Financial experts discuss the ongoing recovery in the power industry, and whether better times will live up to investor expectations.
Richard Stavros is the executive editor of Public Utilities Fortnightly.
What next? That seems to be the question on every utility executive's mind. After two years of stomach-wrenching ratings downgrades, agonizing downward valuations, embarrassing accounting scandals, skyrocketing gas prices, and positively stubborn mild weather, or the "perfect storm," as many have called it, many believe the worst is now over.
But will the the recovery be worth the wait?
On the plus side, the Northeast blackout of two months ago failed to slow the recent recovery. It came on the heels of a booming stock market, lower interest rates, and a strong winter heating season that helped utilities stabilize credit ratings and turn in a fairly strong second quarter. The dividend tax repeal added still more good news, helping to drive up the Dow Jones Utility Index by double-digit percentages.
If anything, the Blackout may give cover for power executives seeking to invest in infrastructure as part of a back-to-basics strategy.

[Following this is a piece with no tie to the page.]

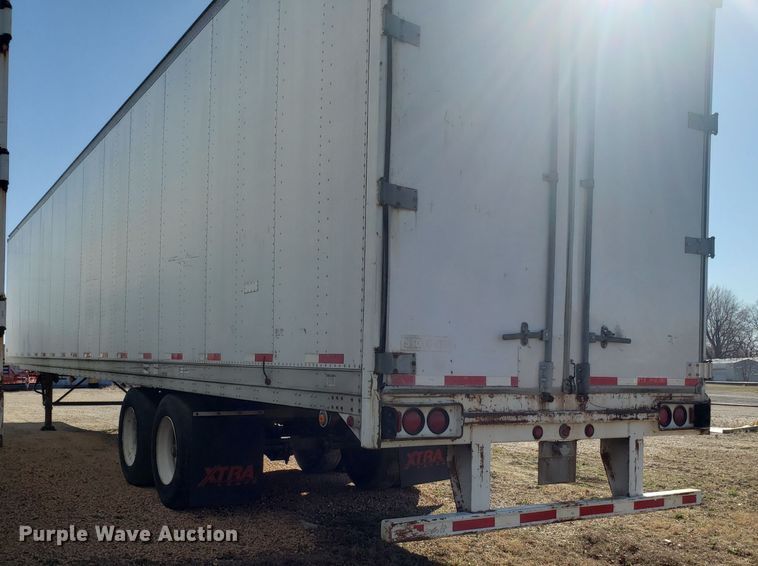 image for item EZ9118 1999 Stroughton AVW-535T-S-C-AR dry van trailer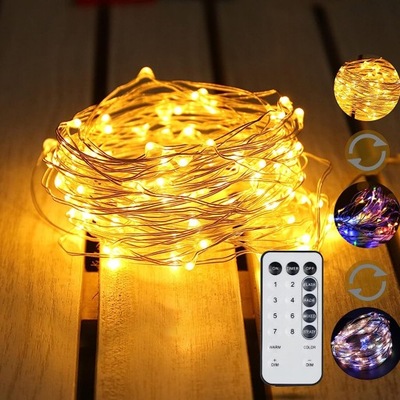 AMANKA Fairy Lights LED 10m 100 diod LED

Yet many executives still urge caution. Just ask Northwestern, which filed for bankruptcy in mid-September, or PG&E Corp., who at press time was dealing with the bankruptcy of its wholesale merchant unit, even as its regulated utility begins to emerge from insolvency, pending regulators' approval of the company's reorganization plan in December. Allegheny Energy, another investor-owned utility, was still flirting with bankrupty at last look. Analysts say the company has much to do to improve its balance sheet and restore investor confidence.